Me and a giant Donkey Kong arcade game vs. the world
Donkey Kong is considered the first real platformer. It also debuts playable character and Nintendo’s wonder boy Mario, who stars in a handful of the highest grossing games and, more recently, a box office-breaking movie. Mario—who gets to climb aquamarine ladders and hop over malicious barrels—outshines frowning Donkey Kong in his own game as caged Pauline’s pudgy knight in red overalls. But with the Donkey Kong franchises’ 65 million unit sales globally as of 2021 and, as Nintendo’s initial global success, its irrevocable impact on over 40 years of narrative games, Donkey Kong persists, an important game to remember and keep playing.
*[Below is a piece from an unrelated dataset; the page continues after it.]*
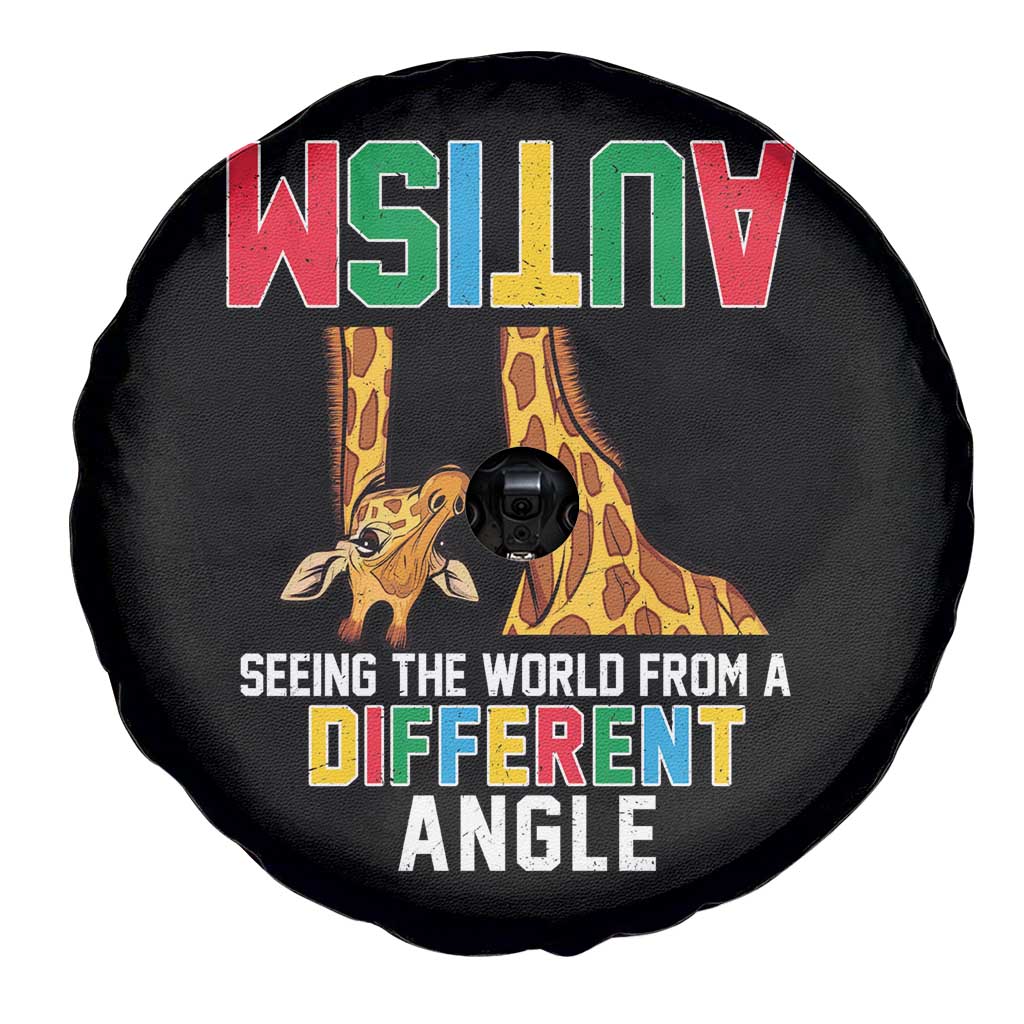 Giraffe Autism Awareness Spare Tire Cover Seeing World Different Angle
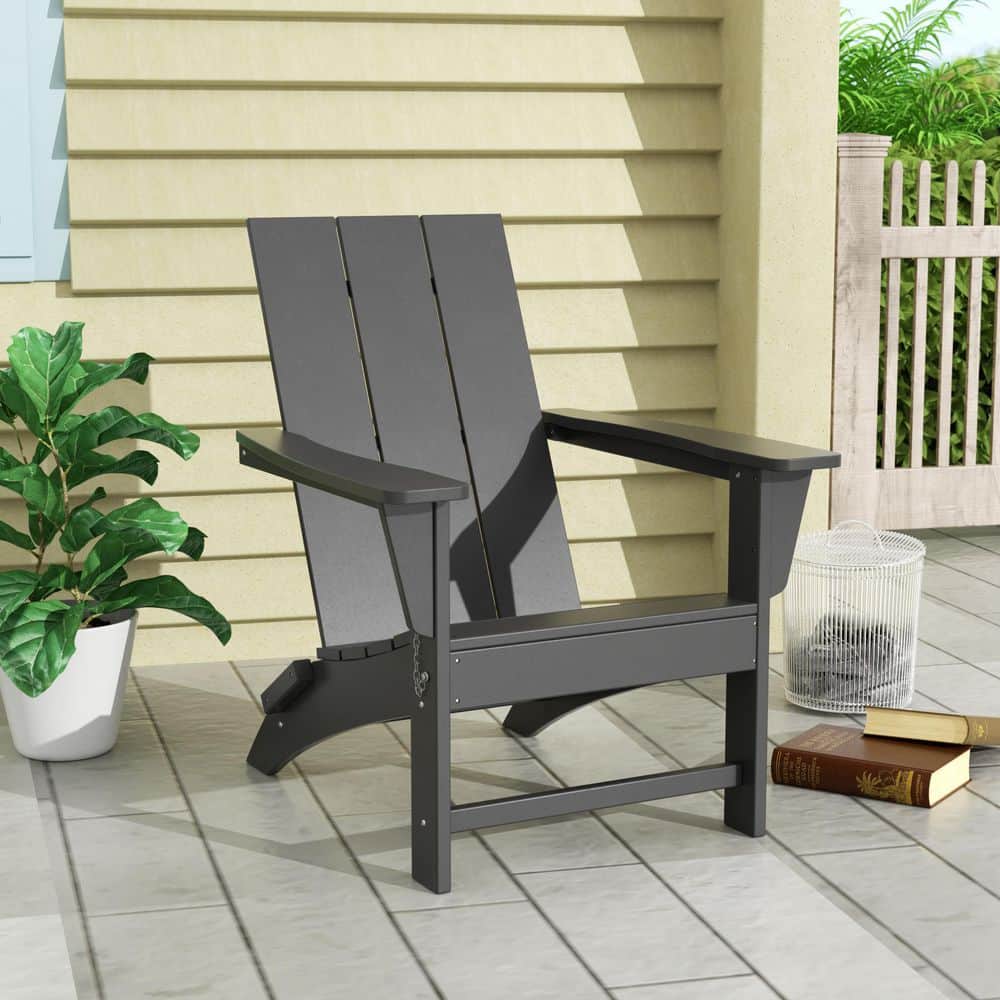 Shoreside Outdoor Patio Fade Proof Modern Folding Plastic Adirondack Chair in Gray price history on PriceWatchPro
But The Strong Museum seems to have created a giant version of it mostly for fun, which is an underrated reason for doing anything. It was helpful, metaphorically, that Donkey Kong “is a true titan in the video game world—both in terms of character size and the iconic status of the game,” Strong’s vice president for exhibits Jon-Paul Dyson said in the aforementioned press release. But the machine, which is almost 370% bigger than a standard Donkey Kong arcade cabinet, acts primarily as an introduction to The Strong’s 90,000 square-foot-expansion that debuted on June 30, which includes the World Video Game Hall of Fame.
You see Donkey Kong before you see any of that other stuff. The blue tower, formed by an aluminum frame and MDF fiberboard, is wedged between the museum’s second floor walls like it’s a clipping asset or a wisdom tooth, so it watches over you while you buy an admission ticket.
The machine is big and bright, which motivated me to skip up the staircase to reach it. I noticed, pleasantly, that it’s free-to-play despite being equipped with coin slots large enough to fit a hamburger puck. It has a joystick controller that was bigger than the palm of my hand, too, and an orange JUMP button as pressable as a damp dog nose, but it’s actually played through a standard, replica control panel.
I stared up at the game unfolding, exactly how it did in 1981, except maybe with more sour-gummy crispness, and guessed that the machine sticks through the ground so that its huge screen would be more forgiving to third graders’ little craning necks. In any case, I’m 5’4, and I had to stretch to see Donkey Kong stomping at the top.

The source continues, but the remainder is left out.